Searching for the Sweet Spot in Daily Word Count

My favourite function in Scrivener isn’t any of the fancy layout options, the scratch-pad that exists for eery scene, nor the ability to set up a useful list of metadata attached to any particular slice of a story.

I make use of many of those things, but the thing that keeps me coming back to the program is the function that tracks the daily word count needed to reach a particular deadline (and automatically re-calculates it, when a day goes better or worse than expected).

Which means, most mornings, I boot up my computer and load two trackers: one for my thesis, and one for the current creative project.

Generally, speaking, whatever number is on the session target is what needs to get written in order to tick off my “have written” log on a given day. My actual target is usually slightly higher, because I crave consistency in the hard-edges to my process: generally speaking, the first time I look up from my thesis and I’ve written over a hundred words, it’s time to stop working on it for the day. The same is true on a fiction project once my progress has cleared 1,666 words.

Both numbers are largely arbitrary, although they occupy a sweet spot between “easy to get” and “needing to push myself” that’s useful to me. Low enough that i don’t fret about hitting the word count, high enough that I need to allocate work hours in order to stand a chance. They give me an opportunity to do a little bit more than needed, edging the session targets down as the project continues.
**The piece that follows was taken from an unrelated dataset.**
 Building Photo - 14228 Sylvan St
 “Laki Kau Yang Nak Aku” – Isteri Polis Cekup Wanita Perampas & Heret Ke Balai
I get to see the small impacts of working steadily, which gradually add up, without feeling like I’m leaving the keyboard with too little work done. Everything after those draft targets are met is admin, redrafting, writing up my project diary, and planning future projects.

Prior experience says I could probably push myself to write more than I do, try and set the daily average closer to 2,500 words or more. I’m purposefully trying to avoid that, so I finish each day feeling with something left in the tank and a rough edge waiting for me to come and finish off.